For me, it depends. I have a certain way I like to ride, but with mountain biking it is not like normal guiding because all clients have different skill or fitness levels. Some like single track, some don’t like uphill, some just want road. All the time I have to change my style to suit them. But as a guide my main theme is to make the client happy and keep them safe.
What is the best part of your job?
I love the time when I get that special group that is fast and loves single track. That’s when leading the group is not a job, but just like riding with my friends. Those are special moments in guiding.
What’s the most bizarre or surprising experience you’ve had on a guided tour?
Last year it was a bit snowy and we had a rest day. My clients wanted to take a ride on the local ponies. I have never done this before and they offered to pay for me. So we took some ponies for one hour. At the end I asked the pony man how much and he tried to charge me 8000nrs… I was so embarrassed because it was such a high price, I was expecting to pay about 100nrs. I had to bully the guy in Nepalese because I did not want to ask my clients for that much money!
“Can we see Mount Everest?” one guy asked me. We were in Pokhara – it’s about 1000km away from Everest.
Sometimes the clients want TV in their rooms… We are in the middle of the Himalayas. There is no TV here.
Every job has its ups and downs. Are there any aspects of your job that you don’t like or aren’t that keen on?
I like everything, but sometimes when there is no trip, I have to work in the workshop which I don’t like so much. The boss shouts at me sometimes, but it’s okay.
As an experienced guide yourself, can you explain to our readers what the benefits of hiring a guide are?
One of the main benefits is definitely being able to find the best trails. Local knowledge and insights are something you cannot find on your own. In the Himalayas, hiring a guide is also for safety.
My favorite things about Annapurna are the people and the scenery that we can see along the trail. I love to see the mountains and know how the people live up there. I like to take my clients on a hike above Manang to see the real mountain people.

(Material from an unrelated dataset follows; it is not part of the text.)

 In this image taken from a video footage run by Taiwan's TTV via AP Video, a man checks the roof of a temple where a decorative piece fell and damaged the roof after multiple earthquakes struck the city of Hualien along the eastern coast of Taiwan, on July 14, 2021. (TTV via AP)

I have a trail I know that I take my clients on – one not many other people know about.
I also secretly enjoy crossing Throng La, because for me it is so easy and for my clients, even if they are fit, it is so hard! I like to give them tea when they get to the top!
In your view, what makes a good tour guide?
Being a good leader and a good listener. Also, knowing the trail and knowing the limits of the clients to make the trip safe. I think a good guide should be able to give their clients a real adventure and bring them to the teahouse safely at the end of the day. I also think a good guide should know about culture.
And finally, have you got any tips for people who are interested in booking a guide like yourself, but aren’t too sure what to look for?
When booking a trip always be honest with the guide about your riding style, fitness and skill level. Then they can suggest the best trails so that you have an awesome mountain biking holiday. Too many people oversell themselves and end up having a hard time and that’s not nice for the guide also.